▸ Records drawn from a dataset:

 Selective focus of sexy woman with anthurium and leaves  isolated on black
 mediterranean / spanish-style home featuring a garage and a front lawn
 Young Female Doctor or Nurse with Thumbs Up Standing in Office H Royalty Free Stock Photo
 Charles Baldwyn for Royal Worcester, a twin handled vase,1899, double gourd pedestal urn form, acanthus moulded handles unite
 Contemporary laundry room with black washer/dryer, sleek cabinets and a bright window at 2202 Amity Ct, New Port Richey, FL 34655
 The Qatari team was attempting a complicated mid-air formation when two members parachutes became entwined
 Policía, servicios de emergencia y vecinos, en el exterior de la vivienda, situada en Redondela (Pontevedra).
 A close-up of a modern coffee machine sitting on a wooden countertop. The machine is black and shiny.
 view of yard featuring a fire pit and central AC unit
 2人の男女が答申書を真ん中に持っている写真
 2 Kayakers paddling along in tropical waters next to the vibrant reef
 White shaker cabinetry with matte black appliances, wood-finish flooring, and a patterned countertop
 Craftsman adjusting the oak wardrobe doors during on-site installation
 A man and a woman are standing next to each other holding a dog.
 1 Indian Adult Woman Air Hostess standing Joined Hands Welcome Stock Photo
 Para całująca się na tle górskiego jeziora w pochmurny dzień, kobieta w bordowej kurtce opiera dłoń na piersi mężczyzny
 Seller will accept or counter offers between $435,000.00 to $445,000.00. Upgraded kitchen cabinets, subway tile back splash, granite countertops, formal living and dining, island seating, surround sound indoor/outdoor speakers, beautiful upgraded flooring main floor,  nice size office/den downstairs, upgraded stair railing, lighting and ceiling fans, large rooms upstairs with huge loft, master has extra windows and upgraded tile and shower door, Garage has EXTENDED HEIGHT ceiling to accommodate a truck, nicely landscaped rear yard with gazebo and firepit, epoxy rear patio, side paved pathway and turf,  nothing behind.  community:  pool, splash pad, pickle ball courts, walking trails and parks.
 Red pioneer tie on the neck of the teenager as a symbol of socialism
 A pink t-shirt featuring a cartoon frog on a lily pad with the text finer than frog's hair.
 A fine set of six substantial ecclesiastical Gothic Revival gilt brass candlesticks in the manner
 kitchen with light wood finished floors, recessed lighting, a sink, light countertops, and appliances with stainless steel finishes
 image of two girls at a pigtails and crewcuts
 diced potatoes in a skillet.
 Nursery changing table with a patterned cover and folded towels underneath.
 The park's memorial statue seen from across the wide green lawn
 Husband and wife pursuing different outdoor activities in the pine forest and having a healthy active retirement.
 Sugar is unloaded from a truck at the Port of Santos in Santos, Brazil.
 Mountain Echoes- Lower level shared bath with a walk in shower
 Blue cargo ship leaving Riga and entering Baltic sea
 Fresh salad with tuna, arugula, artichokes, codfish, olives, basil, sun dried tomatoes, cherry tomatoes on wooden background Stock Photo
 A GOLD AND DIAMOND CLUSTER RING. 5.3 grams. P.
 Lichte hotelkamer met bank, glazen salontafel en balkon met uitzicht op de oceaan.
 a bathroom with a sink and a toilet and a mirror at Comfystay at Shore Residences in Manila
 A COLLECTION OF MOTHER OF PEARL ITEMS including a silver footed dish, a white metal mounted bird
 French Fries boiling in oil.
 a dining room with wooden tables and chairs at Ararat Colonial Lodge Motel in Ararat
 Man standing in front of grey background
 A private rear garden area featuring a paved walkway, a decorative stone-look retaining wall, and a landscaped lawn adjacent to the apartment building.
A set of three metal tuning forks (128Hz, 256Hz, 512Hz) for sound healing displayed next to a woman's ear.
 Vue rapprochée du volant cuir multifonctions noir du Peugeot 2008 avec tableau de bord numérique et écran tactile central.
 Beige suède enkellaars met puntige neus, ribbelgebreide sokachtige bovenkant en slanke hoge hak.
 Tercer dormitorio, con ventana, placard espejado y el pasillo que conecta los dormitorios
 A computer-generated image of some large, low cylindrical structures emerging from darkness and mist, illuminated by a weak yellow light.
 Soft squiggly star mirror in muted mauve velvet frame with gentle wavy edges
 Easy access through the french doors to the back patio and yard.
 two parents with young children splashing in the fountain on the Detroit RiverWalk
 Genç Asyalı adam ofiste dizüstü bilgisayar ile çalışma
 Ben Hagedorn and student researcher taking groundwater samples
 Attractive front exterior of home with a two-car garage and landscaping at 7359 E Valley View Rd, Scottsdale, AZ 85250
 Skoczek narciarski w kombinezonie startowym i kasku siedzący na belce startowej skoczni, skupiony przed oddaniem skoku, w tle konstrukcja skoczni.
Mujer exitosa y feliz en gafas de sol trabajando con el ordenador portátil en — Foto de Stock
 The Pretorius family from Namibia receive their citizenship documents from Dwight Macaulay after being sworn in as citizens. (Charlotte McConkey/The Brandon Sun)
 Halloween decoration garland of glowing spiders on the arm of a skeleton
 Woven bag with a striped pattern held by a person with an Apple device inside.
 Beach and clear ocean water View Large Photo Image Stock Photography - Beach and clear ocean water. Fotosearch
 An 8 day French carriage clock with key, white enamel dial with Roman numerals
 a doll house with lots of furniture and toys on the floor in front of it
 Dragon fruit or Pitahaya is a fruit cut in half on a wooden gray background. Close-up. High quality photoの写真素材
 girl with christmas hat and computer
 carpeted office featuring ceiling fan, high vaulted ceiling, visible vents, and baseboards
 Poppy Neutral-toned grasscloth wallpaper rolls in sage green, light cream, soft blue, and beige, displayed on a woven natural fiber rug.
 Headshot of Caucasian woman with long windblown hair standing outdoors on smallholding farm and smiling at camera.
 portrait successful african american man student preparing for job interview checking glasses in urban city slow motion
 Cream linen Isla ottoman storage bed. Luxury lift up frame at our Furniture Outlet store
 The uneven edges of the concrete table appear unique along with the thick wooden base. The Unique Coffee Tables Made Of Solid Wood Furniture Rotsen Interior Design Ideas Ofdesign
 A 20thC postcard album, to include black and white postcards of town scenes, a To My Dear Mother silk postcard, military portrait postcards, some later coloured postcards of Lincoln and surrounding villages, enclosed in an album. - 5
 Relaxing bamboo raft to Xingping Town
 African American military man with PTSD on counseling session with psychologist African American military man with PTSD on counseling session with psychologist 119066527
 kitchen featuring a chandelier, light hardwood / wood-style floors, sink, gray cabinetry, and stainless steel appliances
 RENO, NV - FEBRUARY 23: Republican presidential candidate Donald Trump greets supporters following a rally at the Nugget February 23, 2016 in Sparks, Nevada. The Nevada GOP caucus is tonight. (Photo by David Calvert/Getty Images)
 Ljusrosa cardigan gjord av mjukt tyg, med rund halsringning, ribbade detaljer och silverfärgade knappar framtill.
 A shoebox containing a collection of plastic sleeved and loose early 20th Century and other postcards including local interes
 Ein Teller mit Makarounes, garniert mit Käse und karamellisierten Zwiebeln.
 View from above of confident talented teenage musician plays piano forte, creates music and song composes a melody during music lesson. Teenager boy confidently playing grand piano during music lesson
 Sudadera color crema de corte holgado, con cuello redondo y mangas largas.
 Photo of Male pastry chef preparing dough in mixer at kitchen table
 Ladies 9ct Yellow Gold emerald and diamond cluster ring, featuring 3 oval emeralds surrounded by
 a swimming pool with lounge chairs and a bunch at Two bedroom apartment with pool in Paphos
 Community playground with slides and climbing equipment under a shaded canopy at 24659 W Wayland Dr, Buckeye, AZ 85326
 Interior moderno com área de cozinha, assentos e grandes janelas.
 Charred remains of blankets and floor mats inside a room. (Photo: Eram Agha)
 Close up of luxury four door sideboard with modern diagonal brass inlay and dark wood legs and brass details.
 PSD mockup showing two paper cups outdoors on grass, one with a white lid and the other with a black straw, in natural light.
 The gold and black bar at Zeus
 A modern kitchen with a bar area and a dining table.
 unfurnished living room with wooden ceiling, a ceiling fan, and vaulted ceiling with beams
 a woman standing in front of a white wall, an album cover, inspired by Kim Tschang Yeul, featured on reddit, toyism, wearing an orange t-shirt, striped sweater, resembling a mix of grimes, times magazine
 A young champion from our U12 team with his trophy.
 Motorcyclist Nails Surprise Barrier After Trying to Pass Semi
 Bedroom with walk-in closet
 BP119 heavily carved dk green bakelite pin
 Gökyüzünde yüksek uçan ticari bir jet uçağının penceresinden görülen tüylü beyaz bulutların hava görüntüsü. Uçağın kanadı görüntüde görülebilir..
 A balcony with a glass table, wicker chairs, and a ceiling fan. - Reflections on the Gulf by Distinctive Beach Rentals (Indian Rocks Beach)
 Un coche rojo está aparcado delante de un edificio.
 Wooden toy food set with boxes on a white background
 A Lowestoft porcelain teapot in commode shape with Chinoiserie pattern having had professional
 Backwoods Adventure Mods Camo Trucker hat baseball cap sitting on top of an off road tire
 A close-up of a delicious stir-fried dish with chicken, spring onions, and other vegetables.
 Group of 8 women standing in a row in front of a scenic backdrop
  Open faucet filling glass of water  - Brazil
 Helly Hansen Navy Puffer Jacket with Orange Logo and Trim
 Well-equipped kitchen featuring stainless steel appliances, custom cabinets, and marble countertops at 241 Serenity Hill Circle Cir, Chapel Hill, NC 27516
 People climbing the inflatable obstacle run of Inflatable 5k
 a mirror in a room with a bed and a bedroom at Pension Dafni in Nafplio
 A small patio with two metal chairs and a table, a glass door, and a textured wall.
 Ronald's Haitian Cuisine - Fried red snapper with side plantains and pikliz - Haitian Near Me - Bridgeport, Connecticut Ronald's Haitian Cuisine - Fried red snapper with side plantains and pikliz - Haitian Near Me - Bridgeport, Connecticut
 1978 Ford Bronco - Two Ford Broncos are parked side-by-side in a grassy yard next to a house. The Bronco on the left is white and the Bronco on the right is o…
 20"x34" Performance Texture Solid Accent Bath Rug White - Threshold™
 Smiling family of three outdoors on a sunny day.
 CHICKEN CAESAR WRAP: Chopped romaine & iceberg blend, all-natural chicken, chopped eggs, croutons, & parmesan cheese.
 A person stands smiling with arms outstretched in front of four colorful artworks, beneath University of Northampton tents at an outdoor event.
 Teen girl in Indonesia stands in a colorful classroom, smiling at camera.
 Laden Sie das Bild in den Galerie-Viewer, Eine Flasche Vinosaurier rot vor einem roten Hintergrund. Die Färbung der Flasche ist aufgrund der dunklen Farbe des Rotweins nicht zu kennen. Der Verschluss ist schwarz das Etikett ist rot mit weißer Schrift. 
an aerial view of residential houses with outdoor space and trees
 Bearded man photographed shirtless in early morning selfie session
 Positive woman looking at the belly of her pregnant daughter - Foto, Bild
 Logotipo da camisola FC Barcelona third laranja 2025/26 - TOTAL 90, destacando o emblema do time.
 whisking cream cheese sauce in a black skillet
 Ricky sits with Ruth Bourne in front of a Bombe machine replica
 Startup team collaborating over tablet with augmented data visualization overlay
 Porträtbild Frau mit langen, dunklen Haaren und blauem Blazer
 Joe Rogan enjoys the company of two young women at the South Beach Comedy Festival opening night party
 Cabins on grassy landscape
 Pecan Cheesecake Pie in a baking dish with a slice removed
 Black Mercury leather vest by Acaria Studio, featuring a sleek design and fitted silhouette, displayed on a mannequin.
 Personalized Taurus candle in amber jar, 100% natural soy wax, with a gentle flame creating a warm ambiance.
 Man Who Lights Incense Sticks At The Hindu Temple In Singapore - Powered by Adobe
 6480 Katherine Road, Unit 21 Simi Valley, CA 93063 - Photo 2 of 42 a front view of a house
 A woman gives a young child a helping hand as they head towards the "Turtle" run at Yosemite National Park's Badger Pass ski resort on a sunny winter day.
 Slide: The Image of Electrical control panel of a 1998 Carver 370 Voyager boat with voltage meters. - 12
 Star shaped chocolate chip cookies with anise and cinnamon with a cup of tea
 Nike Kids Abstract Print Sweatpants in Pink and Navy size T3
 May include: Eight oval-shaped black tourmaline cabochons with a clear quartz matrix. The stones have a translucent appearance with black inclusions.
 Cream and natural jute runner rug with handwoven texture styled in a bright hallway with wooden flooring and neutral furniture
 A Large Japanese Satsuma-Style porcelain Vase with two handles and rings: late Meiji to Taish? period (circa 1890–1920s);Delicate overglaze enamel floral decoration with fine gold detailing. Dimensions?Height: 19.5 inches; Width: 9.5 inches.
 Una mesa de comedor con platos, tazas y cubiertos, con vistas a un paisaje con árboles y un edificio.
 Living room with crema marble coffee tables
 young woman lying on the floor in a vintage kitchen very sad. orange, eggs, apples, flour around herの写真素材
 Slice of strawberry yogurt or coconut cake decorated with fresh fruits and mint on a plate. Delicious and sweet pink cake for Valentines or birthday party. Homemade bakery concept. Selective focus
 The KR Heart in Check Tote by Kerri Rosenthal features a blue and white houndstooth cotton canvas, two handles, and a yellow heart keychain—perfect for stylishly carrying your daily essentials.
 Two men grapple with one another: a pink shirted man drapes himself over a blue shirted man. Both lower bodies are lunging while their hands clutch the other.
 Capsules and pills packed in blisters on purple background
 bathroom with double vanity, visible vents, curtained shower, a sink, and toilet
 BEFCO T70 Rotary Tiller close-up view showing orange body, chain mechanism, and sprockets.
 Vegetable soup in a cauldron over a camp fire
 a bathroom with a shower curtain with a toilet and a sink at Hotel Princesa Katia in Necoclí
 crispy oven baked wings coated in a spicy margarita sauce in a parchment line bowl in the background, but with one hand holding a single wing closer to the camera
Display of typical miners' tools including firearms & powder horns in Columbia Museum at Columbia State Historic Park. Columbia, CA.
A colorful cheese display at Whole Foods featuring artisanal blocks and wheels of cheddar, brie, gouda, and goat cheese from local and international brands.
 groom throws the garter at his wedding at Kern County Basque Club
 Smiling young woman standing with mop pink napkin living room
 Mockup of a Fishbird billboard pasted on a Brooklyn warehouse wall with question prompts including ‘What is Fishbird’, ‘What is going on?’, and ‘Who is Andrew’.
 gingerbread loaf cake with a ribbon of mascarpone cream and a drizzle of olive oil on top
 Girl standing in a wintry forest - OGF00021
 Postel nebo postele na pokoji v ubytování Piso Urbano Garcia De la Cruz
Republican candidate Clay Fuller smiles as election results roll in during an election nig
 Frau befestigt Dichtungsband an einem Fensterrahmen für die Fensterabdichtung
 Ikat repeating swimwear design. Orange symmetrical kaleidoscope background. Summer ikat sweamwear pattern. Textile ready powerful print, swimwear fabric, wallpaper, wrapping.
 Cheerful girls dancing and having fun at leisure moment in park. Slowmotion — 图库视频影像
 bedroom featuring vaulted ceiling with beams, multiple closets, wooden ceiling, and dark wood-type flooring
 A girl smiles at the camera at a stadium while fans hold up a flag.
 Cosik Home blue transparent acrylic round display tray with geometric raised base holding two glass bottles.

▸ Activity: Please return only the lines above, starting at the line that has "Beach and clear ocean water View" and ending at the line that has "portrait successful african", keeping both and leaving each one unchanged.

▸ Answer to this exercise:
 Beach and clear ocean water View Large Photo Image Stock Photography - Beach and clear ocean water. Fotosearch
 An 8 day French carriage clock with key, white enamel dial with Roman numerals
 a doll house with lots of furniture and toys on the floor in front of it
 Dragon fruit or Pitahaya is a fruit cut in half on a wooden gray background. Close-up. High quality photoの写真素材
 girl with christmas hat and computer
 carpeted office featuring ceiling fan, high vaulted ceiling, visible vents, and baseboards
 Poppy Neutral-toned grasscloth wallpaper rolls in sage green, light cream, soft blue, and beige, displayed on a woven natural fiber rug.
 Headshot of Caucasian woman with long windblown hair standing outdoors on smallholding farm and smiling at camera.
 portrait successful african american man student preparing for job interview checking glasses in urban city slow motion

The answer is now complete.